Pourtant, quoi d'étonnant à ce que le gouvernement canadien, comme tous les autres gouvernements présents à Copenhague, préserve ses intérêts nationaux? Aucun gouvernement n'accepterait de sacrifier l'économie d'une partie de son territoire pour faire plaisir aux groupes de pression internationaux, et il est franchement puéril de reprocher au gouvernement Harper de protéger les intérêts des deux provinces productrices de pétrole... qui sont comme par hasard la locomotive économique du pays.

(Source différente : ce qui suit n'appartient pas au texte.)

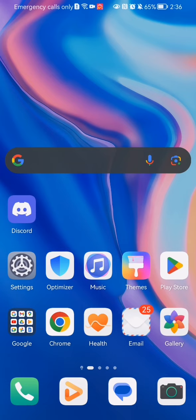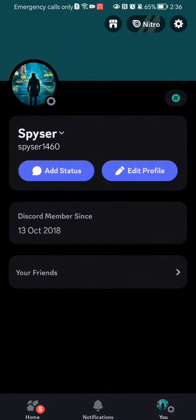Hello guys, in this video I'm going to show you where to find news in the Discord application. The first thing you need to do is enter the app. Once you are done with that and you are on the home page, you should go to your profile section.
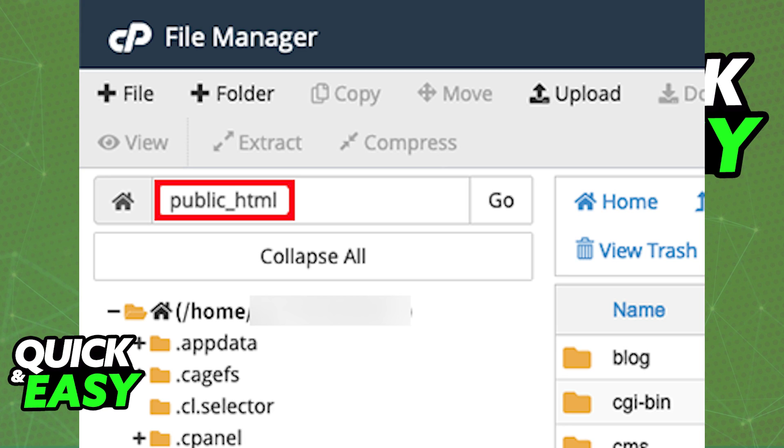If you encounter any problems while trying to do this, make sure that the directory is set properly and that you click upload at the top of the screen.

Jean Charest a beau fanfaronner à Copenhague dans le but très évident de se faire du capital politique at home, il agirait exactement comme Stephen Harper s'il était à sa place.

D'où croit-on que venaient les 8,4 milliards$ que le Québec a reçus l'an dernier au titre de la péréquation? Chaque Albertain verse 5700$ de plus au fédéral qu'il n'en reçoit en services, alors que le Québec est le plus grand bénéficiaire de la péréquation.

Bref, c'est grâce aux sables bitumineux que le Québec peut se permettre de vivre au-dessus de ses moyens et de s'offrir des services de luxe comme les garderies à 7$ et des universités quasiment gratuites. La décence exigerait que le gouvernement québécois s'abstienne au moins de cracher dans la soupe... ou alors que, joignant le geste à la parole, il décide désormais de renoncer à l'argent «sale» du pétrole de l'Ouest.

De toute façon, le Québec et l'Ontario peuvent bien «s'engager» à baisser leurs émissions de GES de 20% et de 15%, cela n'a rien de particulièrement vertueux. Le Québec a la chance de disposer d'une source d'énergie propre (l'hydro-électricité), et la crise de l'automobile a fait de l'Ontario un moins grand pollueur... Mais surtout, attendons de voir ce que donneront ces belles promesses, quand l'électorat réalisera que pour atteindre la cible de 20%, il faudra payer beaucoup plus cher pour l'essence et l'électricité. Les donneurs de leçon, à Queen's Park et à Québec, s'organiseront bien pour revenir sur leurs engagements s'il en va de leur réélection.